As it turned out, although I never got a raise in 18 1/2 years, I basically ghost-wrote the strip (though, until recent years, with his often hands-on editing), it was a great gig. I spent maybe two days a month writing four weeks' worth of strips, and another day 2 or 3 times a year doing outlines for upcoming storylines.
After Stan cut back his activities a few years ago, following installation of his pacemaker, etc., I worked primarily with his longtime assistant, Michael Kelly, with some indirect verbal input from Stan, and in some ways I liked that even better, since Stan and I were only about 80% on the same page as to what made a good comic strip. Despite his well-known (and correct) views on how important the writing was to the success of Marvel Comics from 1961 on, he would often talk about how it was the artwork that sold the strip. I didn't think that reflected the realities of the situation, particularly after John Romita left the strip a few years after it began, and as the printing of the strips grew smaller and smaller. Stan's brother Larry Lieber was a good journeyman penciler (and Alex Saviuk considerably better), but the artists didn't really have the scope, especially in the dailies, to do the kind of artwork that was going to excite readers the way, say, Milt Caniff once had in Terry and the Pirates. The sight of Spidey or Dr. Octopus in a strip might draw people in, but the writing had to bring people back, day after day, since Spidey and Peter and MJ and Doc Ock would always look basically the same, squeezed into small panels–with no "full-page spreads" like in the comicbooks. And yes, I wrote a bit more text and dialogue than he did… but that was partly because, otherwise, I wasn't sure people could really follow the strip from day to day… or at least, no new readers would be brought in if it was hard to start reading the strip at any given point.

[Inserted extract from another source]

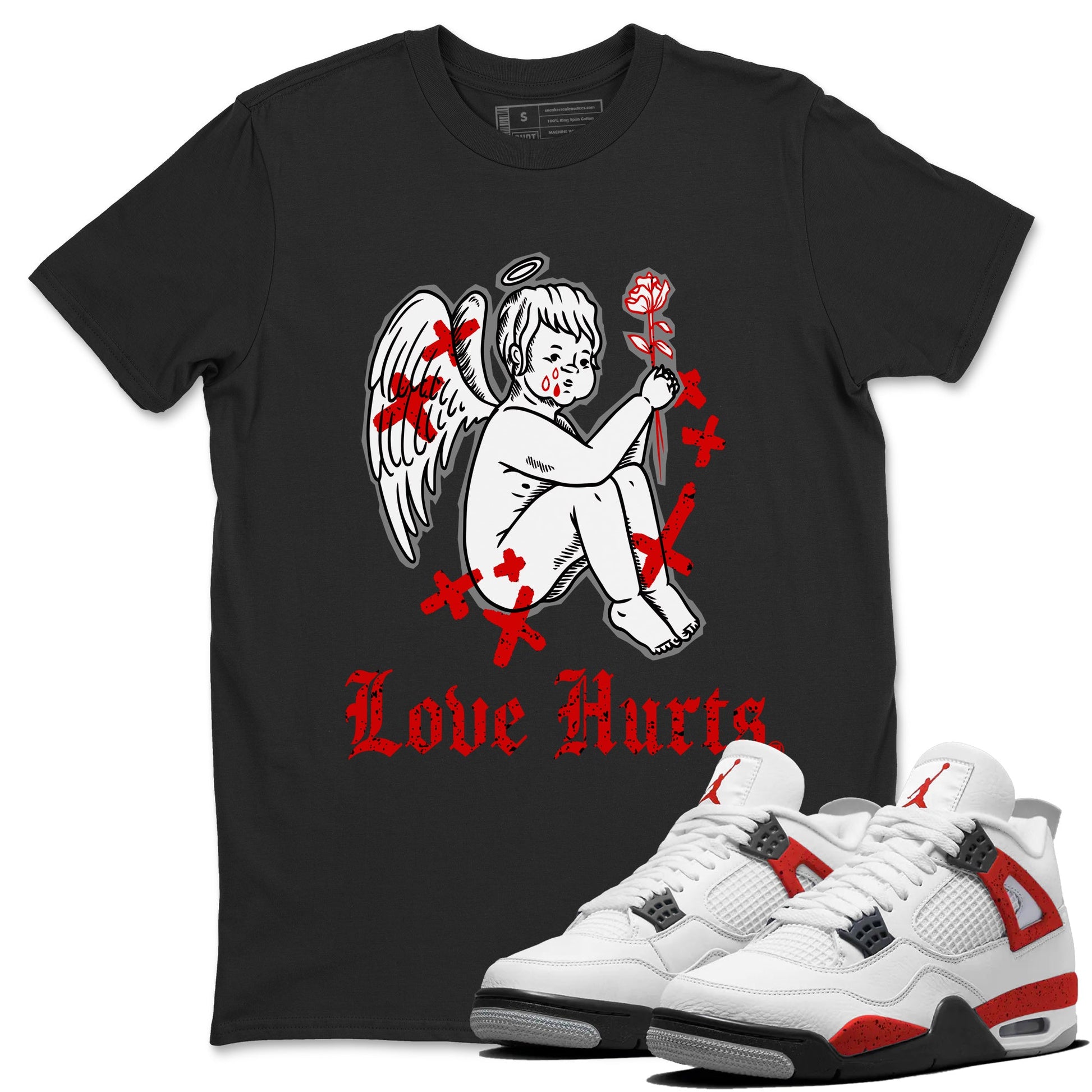 Air Jordan 4 Red Cement Sneaker Match Tees Love Hurts Sneaker Tees Jordan 4 Red Retro Cement Sneaker Release Tees Unisex Shirts Black 1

Mostly, though, Stan and I got along fine. For the most part, he liked what I submitted, accepted most (not all) of my ideas for stories… and until a few years ago often "suggested" (or insisted upon) alterations in them. For some years, he would rewrite a panel or balloon here and there, or even more… while other dailies or Sundays would sail through without a single word change.
The major change I tried to effect, after the first Spider-Man movie, was to go back to a time when MJ and Peter weren't married. Stan agreed, and seemed halfway enthusiastic about the change at first, and we did one whole storyline (involving Electro) that way. But then Stan changed his mind, and I saw at once that I wouldn't be able to change it back. So I wrote a Dallas-type scene in which Peter woke up (after going to sleep in Aunt May's apartment as a single young man) to find himself married (again) to Mary Jane… and that's the way we kept it from then on. Actually, I was increasingly happy with that, as an alternative to the bouncing around of the comicbooks, in which MJ and Peter totally forgot each other and their marriage, and who-knows-what occurred. Left increasingly to my own devices, and building on MJ's modeling career in the comicbooks, I gradually took her from working in a computer store to becoming a Broadway star and movie actress, playing a super-heroine called "Marvella" (before the female Captain Marvel was a big deal, or maybe even was around at all)…but I kept her and Peter, somewhat incongruously, in their relatively small Manhattan apartment (except when they were in LA, of course)… although they occasionally shopped around for something bigger.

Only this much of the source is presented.